Metamorphosis

Author: Franz Kafka

Originally Published: 1915

Rating: ★ ★ ★ ★ ★

written by: Tina Nguyen | date: 1st March, 2025

A tragic story of a normal salesman who woke up and found himself turned into a giant roach on his bed. Metamorphosis talks about his hardships when Gregor Samsa had a body of a bug not only in doing his routines but also even the smallest things in life like opening the door by grasping the doorknob or eating. The storyline portrayed clearly the alienation and disdain of his father towards him from the start, alongside with the empathy of his sister and his mother’s utter shock. Gregor lost his sense of belonging more obviously towards the end of the book when his sister and mother saw him as a “family duty compelled one to choke down” and the family tolerated him as a burden. Kafka used metaphor by implying the image of a normal man turned into a roach overnight to highlight the idea of being an unaccepted and hateful creature simply by existing.

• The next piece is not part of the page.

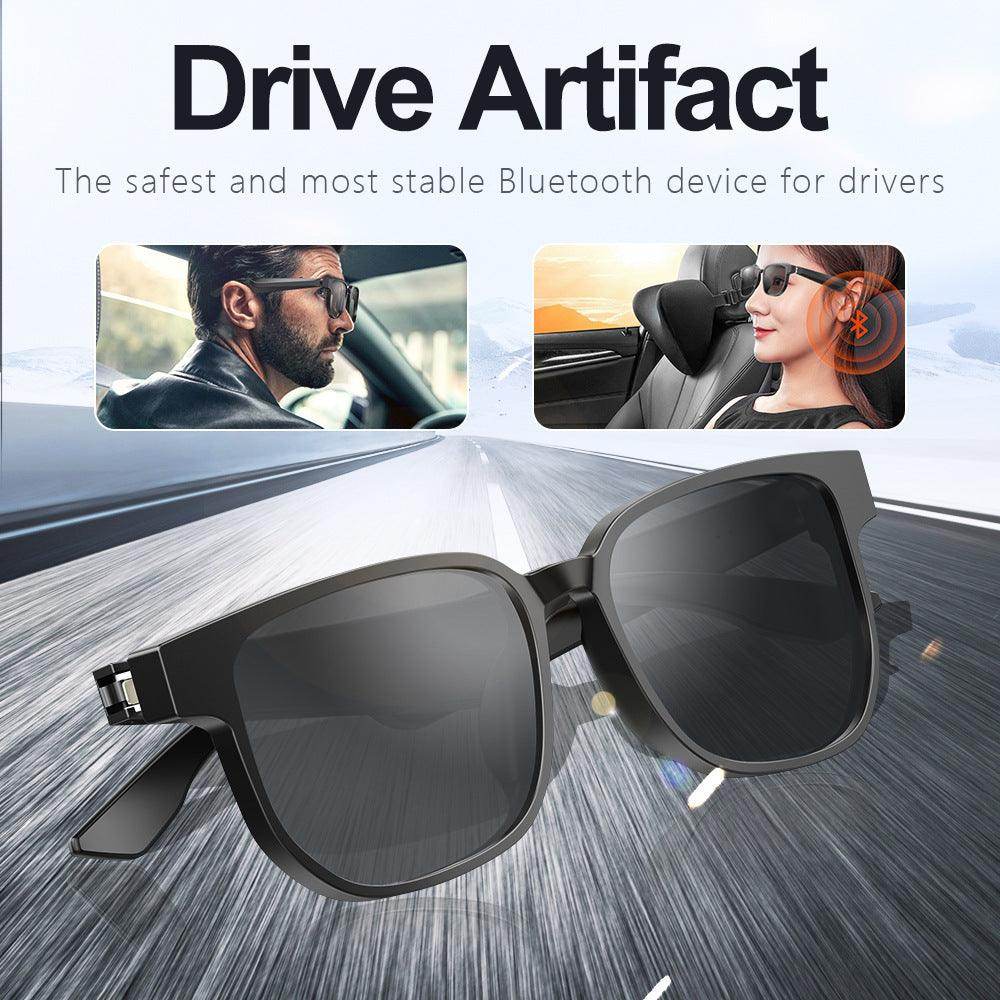 Smart Bluetooth Glasses Call Music Outdoor - EYESPHERE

“Whenever the conversation turned to the necessity of earning money, Gregor would let go of the door, and throw himself on to the cool leather sofa beside it, because he was burning with sorrow and shame.”

Feeling tired and disgusted with himself, Gregor’s misery and both physical and mental pain later led him to his death. The 3 members of his family moved to a new place as a way to escape reality and start their new life without the existence of “the cockroach”. The stark shift in the pronoun that his sister — the one who was considered to have the utmost respect for him even after his transformation, gave him at the very end of the novel, went from “him” to “it”. This detail shows a turning point in her patience and tolerance toward Gregor as they have finally gone, and she has done everything she could. The shift in the pronoun for Gregor illustrated all the pent-up frustration, despair, and exhaustion of even the most caring and respectful person in his life — she did not know if he was aware of his metamorphosis or understood what the family members said. This was where Gregor lost all hope in life — a rotten apple sept gradually into his back, the way his family members turned their backs to him, left him there dying in his room.

“‘Dear parents,’ said his sister, and brought her hand down on the table top to obtain silence, ‘things cannot go on like this. You might not be able to see it, but I do. I don’t want to speak the name of my brother within the hearing of that monster, and so I will merely say: we have to try to get rid of it. We did as much as humanly possible to try and look after it and tolerate it. I don’t think anyone can reproach us for any measure we have taken or failed to take.”

In conclusion, Metamorphosis has bluntly demonstrated the idea of being alienated using imagery and metaphor of the cockroach, an animal that can barely be loved by people. As I believe that everyone has been through the feeling of loneliness, the sense of belonging has been lost, and has had a severe existential crisis like Gregor Samsa at least once in their lifetime. Kafka successfully captured and described this universal feeling in the unique storyline. Nevertheless, the classic novel stays popular to this day, reminding people who are feeling lost, unseen, and unlovable that there was someone on this Earth who had experienced this before, and that they are not alone.